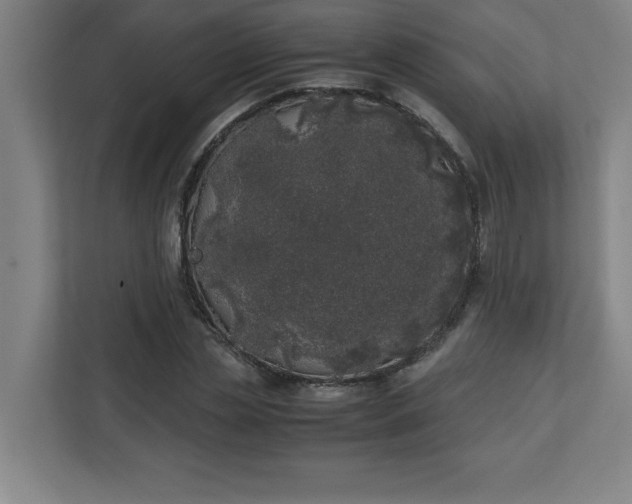 X0000111150829200907071107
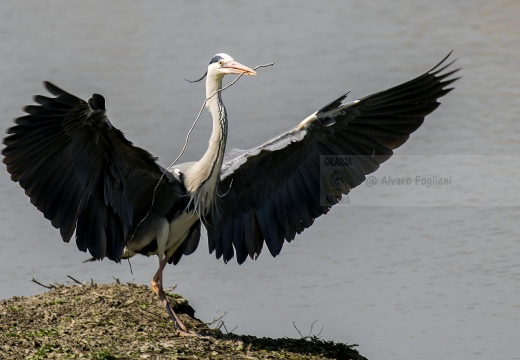 AIRONE CENERINO, Grey Heron, Ardea cinerea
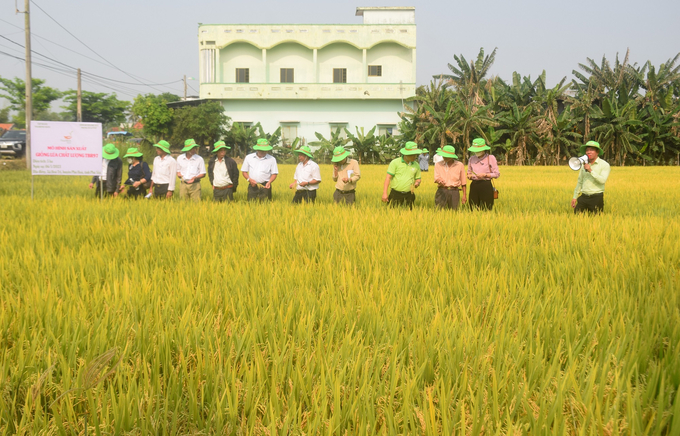 Nông dân tham quan mô hình sản xuất lúa TBR97 tại xã Hòa Phú. Ảnh: V.Đ.T.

-.-.-

### What is expected:
Nothing but the lines from the line containing "AIRONE CENERINO, Grey Heron, Ardea cinerea" through the last line of the listing above should appear, output exactly, with no pictures.

### Finished task:
 AIRONE CENERINO, Grey Heron, Ardea cinerea
 Nông dân tham quan mô hình sản xuất lúa TBR97 tại xã Hòa Phú. Ảnh: V.Đ.T.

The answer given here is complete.